Velocity: A measurment of how fast something will move in a certain direction.
1. How did the height you estimated your rocket would reach compare with the actual estimated height?
To be honest, I thought it would’ve gone a little bit higher than it did.
2. What do you think might have caused any differences in the height you achieved?
Shape of the cone, shape and positions of the fins.
3. Did your rocket launch straight up? If not, why do you think it veered off course?
No, it initally veered off course. I think it was because of the top of my rocket. The top of the rocket was slightly crooked and did not point up straight. The cone was also more slightly loose, but it helped with the deployment of both of my parachutes.
4. Do you think that this activity was more rewarding to do as a team, or would you have
preferred to work alone on it? Why?
I would preferred everyone did their own rocket. I think it is a more satisfying experience if the rocket was sucessful because it was your work and not between two people. Work would be split between two people which can make it harder to agree on a design and bring two seperate aspects of the rocket together.
5. Did you adjust your model rocket at all? How? Do you think this helped or hindered
At first, the size of the fins on my rocket were going to be much bigger than they were. But, if they were the size I intended them to be, they wouldn’t fit very well on the rocket and be much more blocky. I think making the fins smaller and more sleek along the rocket actually helped my rocket.
6. How do you think the rocket would have behaved differently if it were launched in a weightless atmosphere?
If it was in a weightless atmosphere, I think the rocket would go farther, but the speed it would go be much more slowed down.
7. What safety measures do you think engineers consider when launching a real rocket?
Consider the location of most launch sites as part of your answer.
Making sure the area around the lauch pad is clear of debris.

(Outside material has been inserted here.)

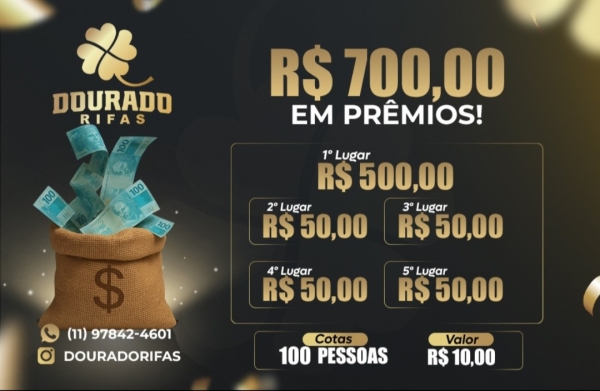 RIFA PTM 11:20 EDIÇÃO 3194 VALENDO 700,00$ EM PRÊMIOS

Building the launch pad on relatively flat terrain which is clear of any trees and such. Making sure that the rocket is clear for takeoff if there was any air traffic up in the sky.
8. When engineers are designing a rocket which will carry people in addition to cargo, how do you think the rocket will change in terms of structural design, functionality, and features?
Rocket design would accommodate living quarters for those on the rocket. To increase ability to communicate with those who are on land. Depending on the length of travel or if they are orbiting around Earth, the rocket would not only need space for food, water, and toiletries, but something would have to send it to those in the rocket.
9. Do you think rocket designs will change a great deal over the next ten years? How? I think designs for rockets will have little change over the next ten years. Maybe a few moderate changes. The design of a rocket could be made to accommodate more people, be slightly more aerodynamic, or become more fuel efficient.
10. What tradeoffs do engineers have to make when considering the space/weight of fuel vs. the weight of cargo?
The more fuel there is, the more the rocket will weigh and there would be less space for the cargo. If there is a lot of cargo, the rocket will weigh more and there wouldn’t be sufficient space for fuel in order to get to a set destination especially if it is a good distance away from Earth.